People in power use religion to get what they want when they want and its easy for them to do this because religion unites people under one believe so what ever one person does the rest our going to do. I know I use this example a lot but Pope Urban was in power of christianity during the time of the crusades and he used christianity in order to convince the rest of the christian faithful that God willed the war between the muslims and christians to fight for the holy land. Because the Pope was so powerful, the christians went to war with the muslims, and Pope Urban got what he wanted because he was bale to use religion to his advantage. Another example is how the church makes its money. The people that go to church have to give money to the church because the priest says its the right thing to do and people do it because he preaches the words of god which all christians are united under.

Alex Rachlin said...

This is a very important concept because of the many ways it can be used.
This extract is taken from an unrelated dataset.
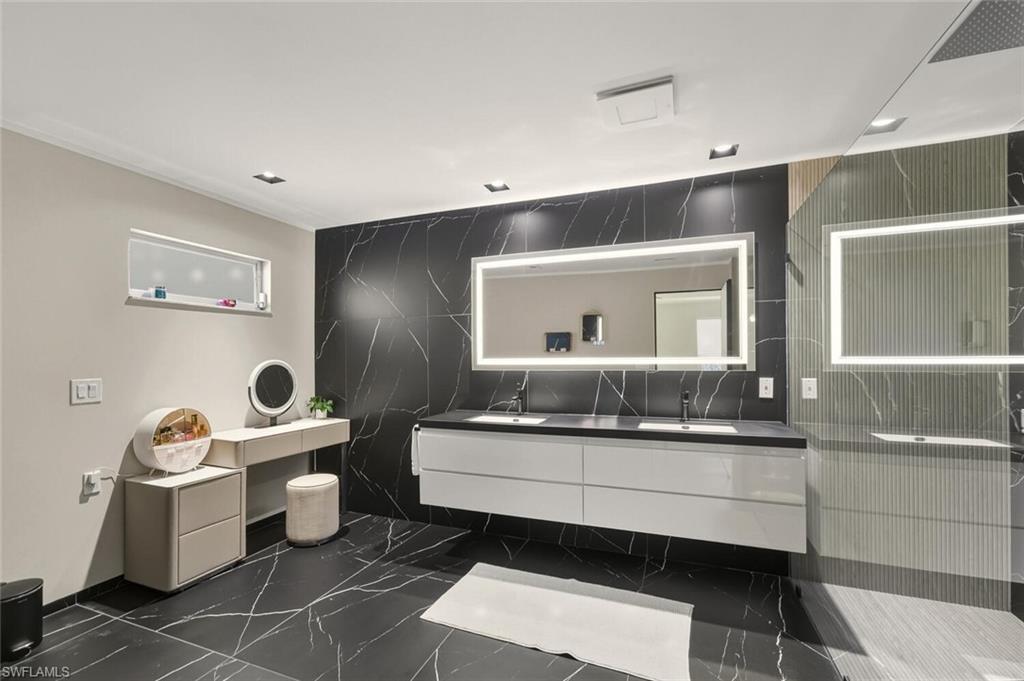 HERITAGE GREENS - Residential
Any person in power could use this to their advantage. For instance, Pope Urban II told his fellow Christians that they had to risk all they had to fight the Muslims in an attempt to convert a large portion of them to Christianity (and so on what Ian said, thanks urbanyouth704). With religion on your side, you can convince anybody to do just about anything if they believe they are holy enough. If you think about it though, the main reason people can be so religious is because they are doing what is best for themselves, for instance reserving their spot in heaven. Using Maddie's example, a king or some other ruler could have everyone pay a monthly tax, otherwise he would tell them they would be disobeying God. This would obviously scare the people and so on and so forth. Then if other dangers came, such as non-believers telling everyone that religion was a joke, they would simply be kicked out of the kingdom or something like that I'm sure. The main point to get here is that religion as an agent of the powerfulcan be used for good, as a sense of truth and honesty devoting a large portion of life to God, and evil, those in power abusing it for their own use and for their own gain.